Fourth quarter 2010 production totaled 1.0 million metric tons, compared with 1.1 million metric tons in the fourth quarter of 2009.
Gross profit increased by 223% year-over-year to USD 43.2 million, or 9.0% of revenue, up from USD 13.4 million, or 3.0% of revenue in the fourth quarter of 2009.
Operating income for the quarter was USD 25.7 million, compared with USD 1.5 million operation income in the fourth quarter of 2009.
Net income attributable to the Company was USD 2.2 million, or USD 0.04 per diluted share based on 54.7 million weighted average shares outstanding, compared with a net loss of USD 11.1 million, or (USD 0.26) per diluted share based on 41.9 million weighted average shares outstanding in the fourth quarter of 2009.
As of December 31, 2010, the Company had cash and restricted cash of USD 263.1 million and total stockholders' equity of USD 99.0 million.
Full-Year 2010 Financial Highlights
Revenue increased by 13% year-over-year to USD 1.9 billion, up from USD 1.7 billion in 2009.
Production volume for the year totaled 4.0 million metric tons, compared with 3.8 metric tons in 2009.
Gross profit for the year was USD 71.9 million, or 3.8% of revenue, compared with USD 88.6 million, or 5.3% of revenue in 2009. Gross margins were impacted by interruption of production for which General Steel received compensation.
Operating income totaled USD 19.0 million, compared with USD 47.5 million in 2009.
Net loss attributable to the Company was USD 7.7 million, or (USD 0.14) per diluted share, based on 53.1 million weighted average shares outstanding, compared with a net loss of USD 25.2 million, or USD (0.60) per diluted share, based on 41.9 million weighted average shares outstanding in 2009.
2010 and Recent Business Highlights
Began testing on two newly constructed 1,280 cubic meter blast furnaces, two 120 metric ton converters and one 400 square meter sintering machine built by Shaanxi Iron and Steel Group ("Shaanxi Steel Group") at Longmen Joint Venture. Based on designed efficiency levels, this new equipment increases GSI's annual crude steel production capacity by 3 million metric tons to 7 million metric tons.

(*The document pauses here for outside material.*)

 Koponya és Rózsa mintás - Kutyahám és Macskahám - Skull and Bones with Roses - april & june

At the end of 2010, we received reimbursement from Shaanxi Steel Group of approximately USD 25.0 million (RMB169 million) and compensation of approximately USD 27.1 million (RMB180 million) for the loss of production volume and production efficiency at Longmen Joint Venture during the construction of the blast furnaces by Shaanxi Steel Group.
Appointed PricewaterhouseCoopers Zhong Tian CPAs Limited as the Company's independent registered public accounting firm, with services to commence in the second quarter of fiscal 2011.

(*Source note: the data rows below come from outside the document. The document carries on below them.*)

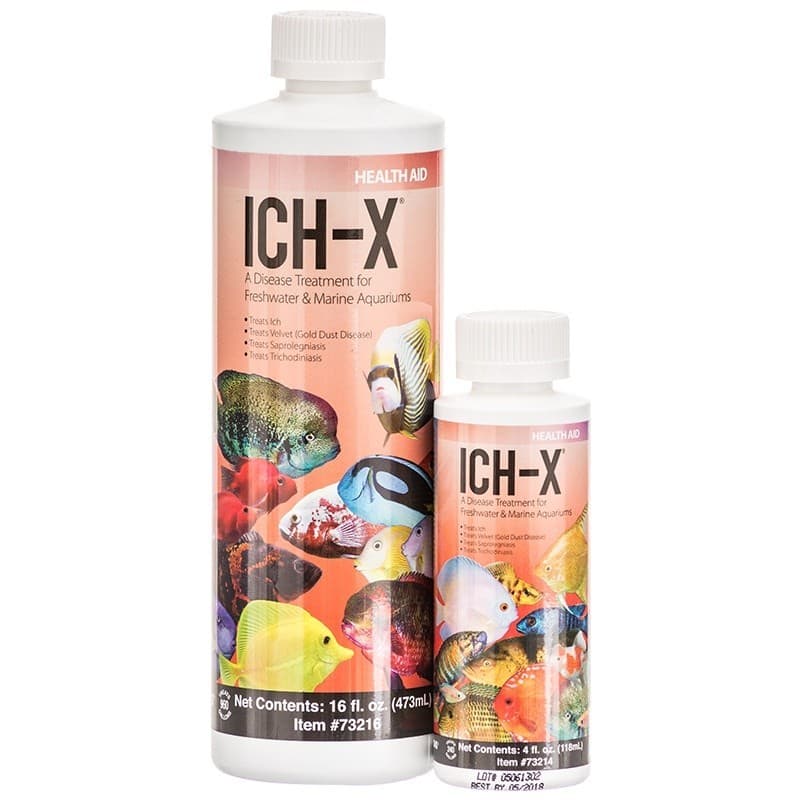 HiKari Ich-X 16oz ( Salt / Fresh Aquarium Version ) – Aquarium Reefers
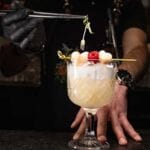 Mixología en restaurante Marcello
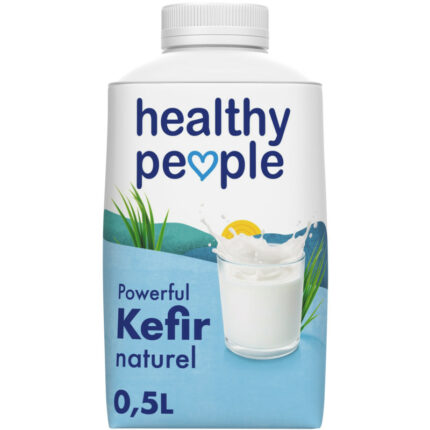 Healthy people Kefir naturel bevat 3.9g koolhydraten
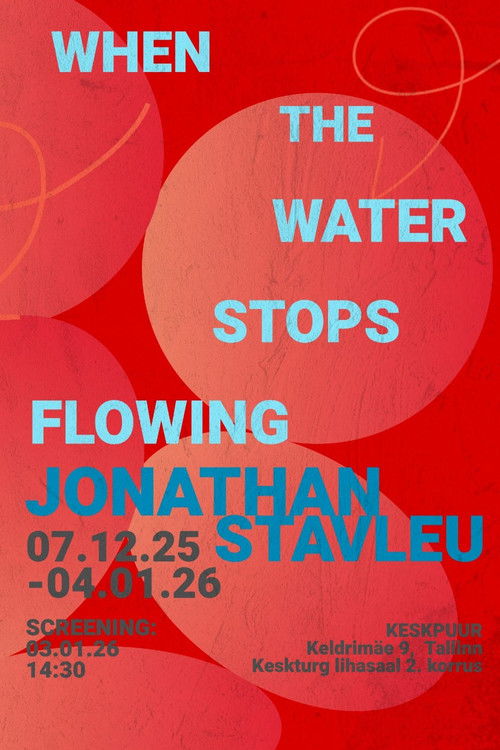 When the Water Stops Flowing (2026) poster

In December 2010, the Company initiated a one million share repurchase program. As of January 31, 2011, the Company had purchased 713,660 shares under the program.
Formed Tianwu General Steel Material Trading Co., Ltd. through a joint venture with Tianjin Materials and Equipment Group Corporation. The joint venture, a raw materials trading company, is expected to provide as much as 50% of GSI's annual demand of iron ore.
In the third quarter of 2010, completed the conversion of all convertible promissory notes issued on December 13, 2007 to common stock.
"2010 was a year of progress and positioning for General Steel, as we grew revenue in a challenging environment. We commenced several initiatives aimed at expanding our production capacity to capture what we believe will be a considerable increase in demand in 2011," said General Steel Chairman and Chief Executive Officer Mr. Henry Yu. "We made considerable improvements to our bottom-line during the year and we expect to continue to demonstrate financial gains based on our newly expanded capacity, which was not reflected in our fourth quarter results. Now that this construction is complete, along with our upgrades to existing production equipment and improved raw materials procurement, we expect to increase production levels and attain profitability. In addition, our improved raw materials sourcing is designed to insulate us from pricing volatility, providing greater stability and visibility, supporting our overall goal of margin improvement, and creating a platform to support sustainable profitability."
Mr. Yu added, "The steel market in China is poised for continued strong growth, driven by ongoing investment in infrastructure, housing and transportation, with China's Western region presenting a virtual great opportunity for construction and development. In addition to the favorable market climate, we believe that government initiatives targeting improvement in the efficiency, profitability and environmental responsibility of China's steel industry will be highly conducive to General Steel's further expansion. In line with these initiatives, we are highly focused on driving growth by optimizing our current facilities' capabilities, creating additional efficiencies and through our capacity expansion. In addition to organic growth, our proven, effective approach to M&A which aligns the interests of the Central and Provincial governments, as well as local companies, positions GSI to be a leader in the ongoing consolidation of our industry. We believe we are well positioned in the market, with the right strategy and the resources necessary to continue building our business, expanding our margins, improving our bottom line and increasing shareholder value."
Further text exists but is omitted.